Все началось так. В «Симоре» я прочитал буквально следующее: «Стриглись мы обычно через одну радиопередачу, то есть каждые две недели, после школы». Остановился. Перечитал. «Через одну радиопередачу». «Стриглись». «Каждые две недели». «После школы». В эпоху, когда волшебный радиоголос зазвучал в моем прозрачном (но не призрачном!) отрочестве, я стригся раз в месяц, в парикмахерской на улице Краснодонцев, у бледного старичка-еврея, невероятно шамкающего, чмокающего и свистящего «пейсики» вместо «височков». А вот волосы мои действительно разлетались из-под его ловких ножниц по всему мужскому залу, где пахло вежетелем, мылом и прохладным крахмалом. У меня слезы наворачиваются, мистер Сэлинджер, когда я вспоминаю того старика. Истерика, наверное. Видимо, от пьянства.
Мистер Сэлинджер, необыкновенно было встретить так, запросто, мое нечаянное радио в Вашем Нью-Йорке, увидеть мои прямые волосы, перемешанные с курчавыми Симора. Сердце ныряло куда-то без акваланга, ладони вспотели, во рту пересохло. Мне показалось тогда, на берегу Горьковского моря, что я причислен к сонму ангелов. Я не мог объяснить, почему. Сейчас могу.
Маркони радио не изобретал. Он всего лишь вернул «эфиру» изначальную функцию: быть вместилищем нетелесных объектов.
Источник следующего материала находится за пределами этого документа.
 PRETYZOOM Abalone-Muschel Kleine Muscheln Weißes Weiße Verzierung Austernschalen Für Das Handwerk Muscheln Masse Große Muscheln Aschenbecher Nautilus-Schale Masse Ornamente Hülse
Вот как определял «эфир» неизвестный Вам, мистер Сэлинджер, русский поэт Даль: «самое жидкое, тонкое, легкое и проницательное, что еле доступно чувствам, или даже от них укрывается; предполагаемое во всем пространстве вселенной вещество, по тонкости своей недоступное чувствам, служащее средою, для передачи сил или веществ невесомых…» Понимаете теперь, что я догадался, куда Вы поселили Симора, Бадди, Бу-Бу, Уолта, Уэйкера, Зуи и Фрэнни Глассов? Вы понимаете, на что их обрекли, кем сделали: «Эфирный житель – небожитель». Попросту говоря, ангел. Ведь все они, от Симора до Фрэнни, постоянно находились в эфире, их голоса постоянно звучали в радиопередаче «Умный ребенок». Получается, что Вы, мистер Сэлинджер, написали несколько повестей и рассказов о семействе ангелов, как бы намекая нам, читателям, и то, что ангелы на самом деле существуют, и то, что существуют они в эфире, в радиоэфире. После этого Вы посчитали свою миссию оконченной и преспокойно заперлись в своем доме в Корнише. А ангелы тем временем непринужденно носились (и носятся) по радиоэфиру, смущая осенними вечерами советских мальчиков! Эфир безбрежен, количество ангелов, даже могущее уместиться на острие иголки, бесконечно. Так и получается, что мы окружены, опутаны ангельскими голосами; достаточно включить радио. Впрочем, недостаточно. Я забыл, мистер Сэлинджер, самое главное: надо суметь их услышать. Что же, Вы советуете сидеть всю жизнь, развесив уши?
И все-таки, может быть, может быть, я брежу, я нанюхался эфиру, и произошло редкое совпадение, недопонимание, и Вы ничего такого не подразумевали вовсе, а написали несколько прелестных образчиков американского fiction. Если так, то прошу Вас извинить меня, коллега Сэлинджер.